広いような、狭い世界?

先行き不安な52丁目。

第1話 誕生前の話。

 これは、あるひとりの魂がこの世での修行を決心してからの話。

 おもしろいかどうかはわかりません。


 私の母親は思春期の頃に母(私の祖母に当たる。紛らわしくなるので祖母と呼ぶ。)を亡くし、某映画製作所のロケハンをしている父親(これも紛らわしくなるので祖父と呼ぶ。)と年の離れた弟と3人暮らしだった。

 祖父は家事を一切手伝わない。それどころか祖母がなくなると、通っていた高校を母親本人に相談もせずに退学させてしまった。 

 母親には初恋の人がいてお付き合いもあったそうだが、『初恋の人とは結婚できない』という謎めいた言い伝えを信じてしまい別れてしまったそうだ。

 それからほどなくして、私の父親となる人と海で出会ったそうだ。そして、私を身ごもった。父親が田舎の次男坊だったためか両親からは、「長男が先だ。」と反対された。堕ろすつもりで産科に行った母は医者に「もし、今堕ろしたら次に妊娠はできなくなる」と言われ生むことにしたそうだ。

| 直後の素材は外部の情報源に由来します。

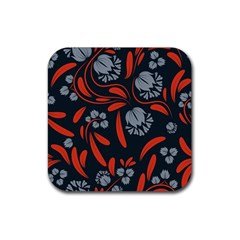 Folk Flowers Print Floral Pattern Ethnic Art Rubber Coaster (square) by Eskimos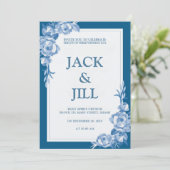 Faire-part de mariage Bleu profond classique (Debout devant)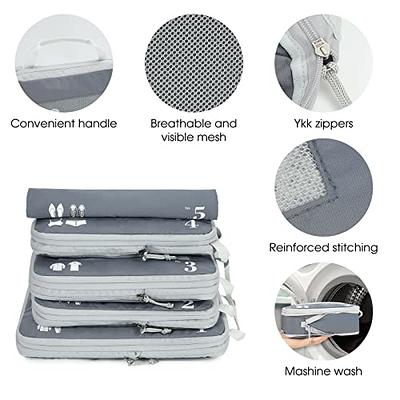 YYDSLEE Compression Packing Cubes for Travel Carry on Suitcase Organizer  Bags Expandable Travel bags Organizer for Luggage Compression Bags Travel  Essentials+ Shoe Bag, Laundry Bag, 6 Set(Blue & Grey) - Yahoo Shopping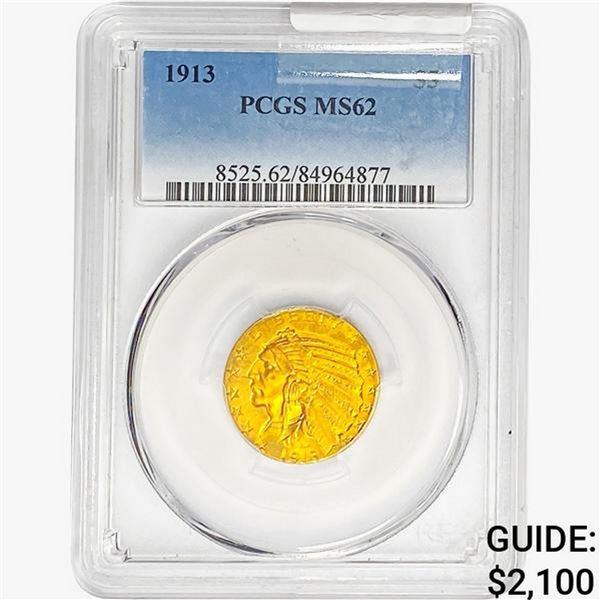 1913 $5 Gold Half Eagle PCGS MS62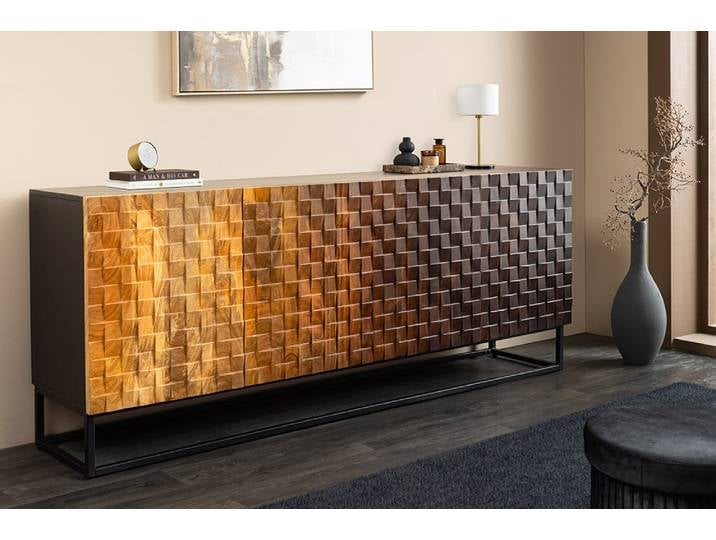 Massives Sideboard SHADES 180cm braun Mangoholz mehrfarbig 3D-Front Metallgestell Modern & Design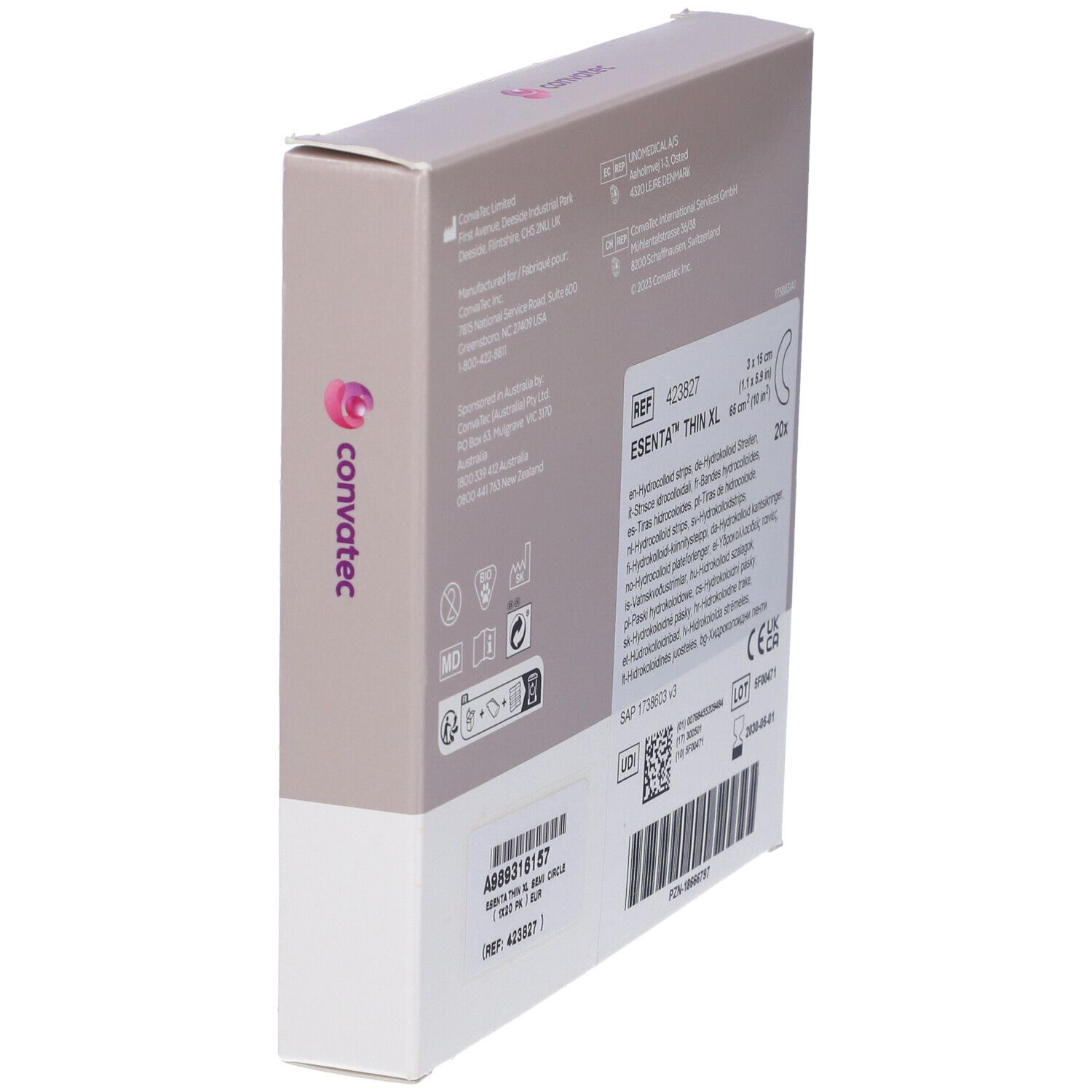 Confezione Esenta Thin XL. Marchio Convatec. Testo: ESENTA THIN XL, 20 pezzi.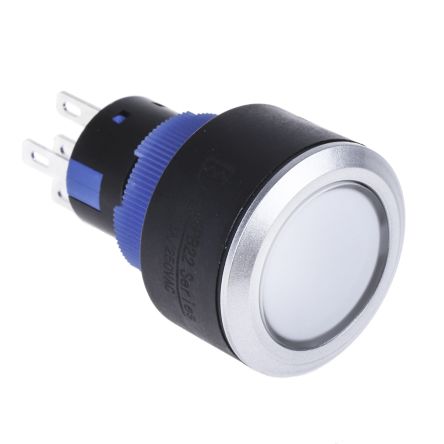 RS PRO Illuminated Push Button Switch, Momentary, Panel Mount, 22.2mm Cutout, DPDT, White LED, 250V Ac, IP65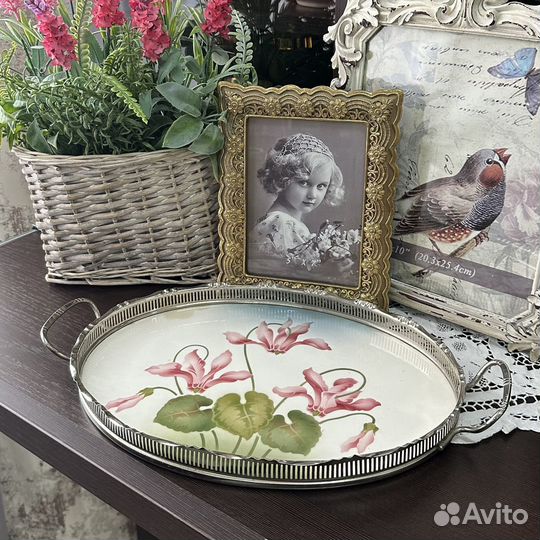 Поднос. Серебрение. с фарфоровой вставкой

 1972年、昭和47年は横井庄一が帰還して、連合赤軍あさま山荘事件が起きて、札幌オリンピックが開催され、川端康成が亡くなり、沖縄が返還されるなど様々な出来事があったらしい。

 そんな年、私は母親の腹の中に居座り続けること2週間、予定より遅れて強制誕生させられる。スピリチュアル的にいうと「これから始まる長い長い人間の下積み時代。何が待ち受けているのか?」と、この世界に来ることを不安に思っていたのか?  

 結局、意を決して誰も予測がつかないひとりの人間の歴史の始まりを選択したのである。